The response must consist of the lines below from the one with "Best Colombian Coffee Beans |" through the one with "Green Eucalyptus-0", exactly as they appear and with both ends kept.

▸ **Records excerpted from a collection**
* * *

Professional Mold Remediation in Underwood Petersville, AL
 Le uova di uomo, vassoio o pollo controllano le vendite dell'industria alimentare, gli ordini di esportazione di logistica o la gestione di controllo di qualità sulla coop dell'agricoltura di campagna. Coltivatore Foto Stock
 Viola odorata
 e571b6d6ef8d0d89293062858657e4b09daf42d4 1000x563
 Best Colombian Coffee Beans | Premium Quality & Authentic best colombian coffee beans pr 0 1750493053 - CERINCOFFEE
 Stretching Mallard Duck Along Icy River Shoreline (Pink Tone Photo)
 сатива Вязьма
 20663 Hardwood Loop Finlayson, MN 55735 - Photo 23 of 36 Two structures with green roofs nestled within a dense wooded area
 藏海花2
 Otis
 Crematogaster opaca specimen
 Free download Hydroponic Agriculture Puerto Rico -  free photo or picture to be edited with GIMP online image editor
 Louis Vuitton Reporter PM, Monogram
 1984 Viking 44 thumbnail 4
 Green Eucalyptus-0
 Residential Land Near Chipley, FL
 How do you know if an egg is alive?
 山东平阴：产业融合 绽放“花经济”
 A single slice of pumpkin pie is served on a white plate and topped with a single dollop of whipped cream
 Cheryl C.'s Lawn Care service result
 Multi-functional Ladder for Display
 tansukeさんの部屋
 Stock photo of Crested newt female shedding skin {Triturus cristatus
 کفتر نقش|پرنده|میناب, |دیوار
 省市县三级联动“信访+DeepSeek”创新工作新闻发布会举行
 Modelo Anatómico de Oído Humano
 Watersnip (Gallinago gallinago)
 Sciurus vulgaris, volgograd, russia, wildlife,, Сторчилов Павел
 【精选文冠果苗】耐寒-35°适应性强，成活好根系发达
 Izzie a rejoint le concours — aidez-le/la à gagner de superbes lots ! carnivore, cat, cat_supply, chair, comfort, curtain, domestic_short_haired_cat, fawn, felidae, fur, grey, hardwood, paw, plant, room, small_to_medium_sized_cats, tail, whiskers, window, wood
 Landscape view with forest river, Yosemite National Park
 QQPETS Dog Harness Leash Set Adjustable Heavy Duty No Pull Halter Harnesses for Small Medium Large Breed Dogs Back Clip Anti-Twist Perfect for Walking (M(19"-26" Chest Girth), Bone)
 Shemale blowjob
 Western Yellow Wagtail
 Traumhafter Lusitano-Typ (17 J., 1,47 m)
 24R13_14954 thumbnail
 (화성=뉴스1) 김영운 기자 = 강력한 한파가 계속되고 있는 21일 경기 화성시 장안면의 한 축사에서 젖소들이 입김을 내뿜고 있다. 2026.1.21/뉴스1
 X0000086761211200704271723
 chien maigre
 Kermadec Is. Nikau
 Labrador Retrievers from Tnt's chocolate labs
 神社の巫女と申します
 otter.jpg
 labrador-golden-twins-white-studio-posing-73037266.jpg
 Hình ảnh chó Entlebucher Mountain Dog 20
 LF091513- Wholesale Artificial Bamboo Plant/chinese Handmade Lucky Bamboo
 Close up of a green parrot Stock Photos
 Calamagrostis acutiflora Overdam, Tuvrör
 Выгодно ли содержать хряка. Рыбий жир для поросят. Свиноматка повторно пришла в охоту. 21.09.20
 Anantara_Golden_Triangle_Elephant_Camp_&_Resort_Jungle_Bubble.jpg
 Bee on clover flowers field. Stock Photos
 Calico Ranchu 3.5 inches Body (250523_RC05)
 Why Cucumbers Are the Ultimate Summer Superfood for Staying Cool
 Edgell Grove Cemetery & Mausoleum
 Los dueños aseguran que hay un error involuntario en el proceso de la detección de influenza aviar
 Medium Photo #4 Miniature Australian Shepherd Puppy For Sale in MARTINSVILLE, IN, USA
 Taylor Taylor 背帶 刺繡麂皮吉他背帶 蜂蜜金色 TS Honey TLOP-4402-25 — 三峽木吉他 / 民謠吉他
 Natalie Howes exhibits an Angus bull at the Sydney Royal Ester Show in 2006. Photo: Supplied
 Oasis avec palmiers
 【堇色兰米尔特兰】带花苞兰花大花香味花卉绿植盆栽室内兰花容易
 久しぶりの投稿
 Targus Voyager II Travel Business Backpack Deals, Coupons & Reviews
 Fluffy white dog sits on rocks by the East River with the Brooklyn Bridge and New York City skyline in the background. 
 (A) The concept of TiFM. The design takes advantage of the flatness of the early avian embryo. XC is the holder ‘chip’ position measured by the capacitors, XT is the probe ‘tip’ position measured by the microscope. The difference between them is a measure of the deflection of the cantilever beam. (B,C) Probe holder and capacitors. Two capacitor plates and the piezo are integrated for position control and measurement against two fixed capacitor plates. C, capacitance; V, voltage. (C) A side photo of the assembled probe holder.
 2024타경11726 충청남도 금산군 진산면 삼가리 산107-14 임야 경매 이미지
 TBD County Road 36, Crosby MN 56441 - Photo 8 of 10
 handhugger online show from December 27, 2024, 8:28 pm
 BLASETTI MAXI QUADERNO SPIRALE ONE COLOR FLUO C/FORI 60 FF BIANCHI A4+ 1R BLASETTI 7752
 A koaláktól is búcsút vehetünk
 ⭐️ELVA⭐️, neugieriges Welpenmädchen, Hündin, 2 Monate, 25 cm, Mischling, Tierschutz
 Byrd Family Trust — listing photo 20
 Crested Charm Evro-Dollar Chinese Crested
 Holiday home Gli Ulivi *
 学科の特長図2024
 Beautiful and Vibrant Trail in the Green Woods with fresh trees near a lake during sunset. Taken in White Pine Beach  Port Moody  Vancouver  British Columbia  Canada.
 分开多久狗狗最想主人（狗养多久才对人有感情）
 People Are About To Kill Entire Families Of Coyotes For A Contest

* * *

▸ **Result**
 Best Colombian Coffee Beans | Premium Quality & Authentic best colombian coffee beans pr 0 1750493053 - CERINCOFFEE
 Stretching Mallard Duck Along Icy River Shoreline (Pink Tone Photo)
 сатива Вязьма
 20663 Hardwood Loop Finlayson, MN 55735 - Photo 23 of 36 Two structures with green roofs nestled within a dense wooded area
 藏海花2
 Otis
 Crematogaster opaca specimen
 Free download Hydroponic Agriculture Puerto Rico -  free photo or picture to be edited with GIMP online image editor
 Louis Vuitton Reporter PM, Monogram
 1984 Viking 44 thumbnail 4
 Green Eucalyptus-0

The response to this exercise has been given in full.